Provided data below:
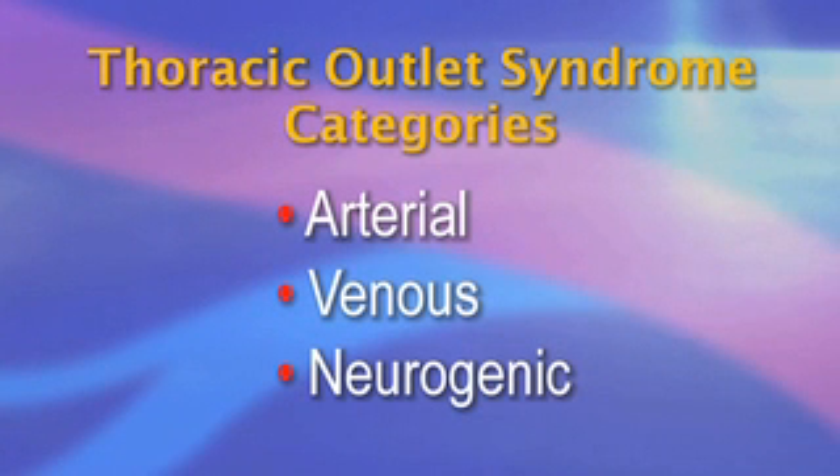It can be classified into three broad categories: arterial, venous, and neurogenic. The level of controversy surrounding the diagnosis and treatment of TOS varies with the form of TOS under consideration.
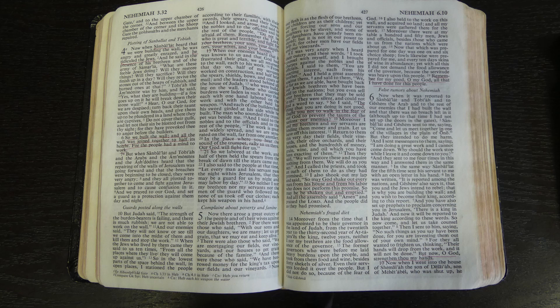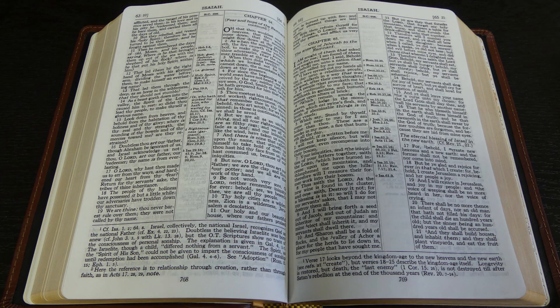I feel like a lot of Bibles have small print and they're made more for study than for reading long sections of Scripture. And especially as you get a little bit older, it can really cause eye fatigue to be reading small print for a long time. I know I already have that problem.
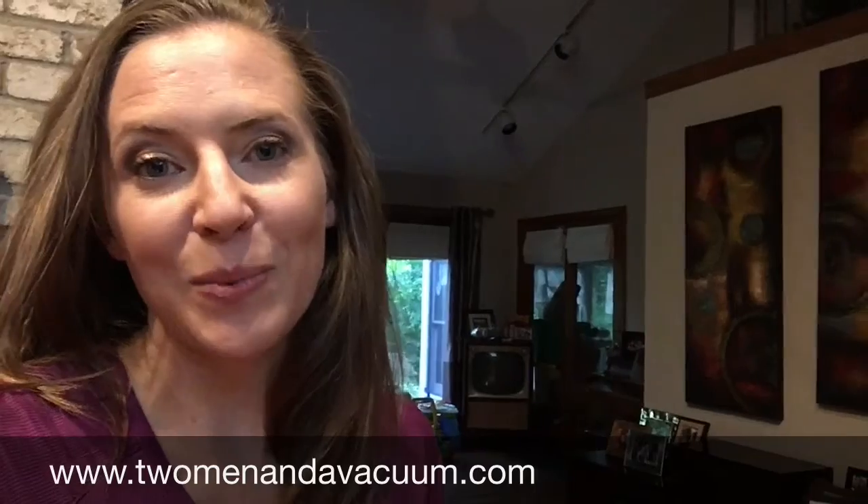I am so, so happy that I gave them a call. I will definitely be having them back — they did an amazing job. The stress level, even just knowing that they were coming, was lowered, and then having them do an incredible job, my stress level is like I'm basically mentally on vacation right now. This is pretty amazing. So I highly recommend them. Give them a call at twomenandavacuum.com.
End of Provided data.
### Task goal
A word-for-word copy of the listing is needed, with no pictures in it.

### Solution to this task
It can be classified into three broad categories: arterial, venous, and neurogenic. The level of controversy surrounding the diagnosis and treatment of TOS varies with the form of TOS under consideration.
I feel like a lot of Bibles have small print and they're made more for study than for reading long sections of Scripture. And especially as you get a little bit older, it can really cause eye fatigue to be reading small print for a long time. I know I already have that problem.
I am so, so happy that I gave them a call. I will definitely be having them back — they did an amazing job. The stress level, even just knowing that they were coming, was lowered, and then having them do an incredible job, my stress level is like I'm basically mentally on vacation right now. This is pretty amazing. So I highly recommend them. Give them a call at twomenandavacuum.com.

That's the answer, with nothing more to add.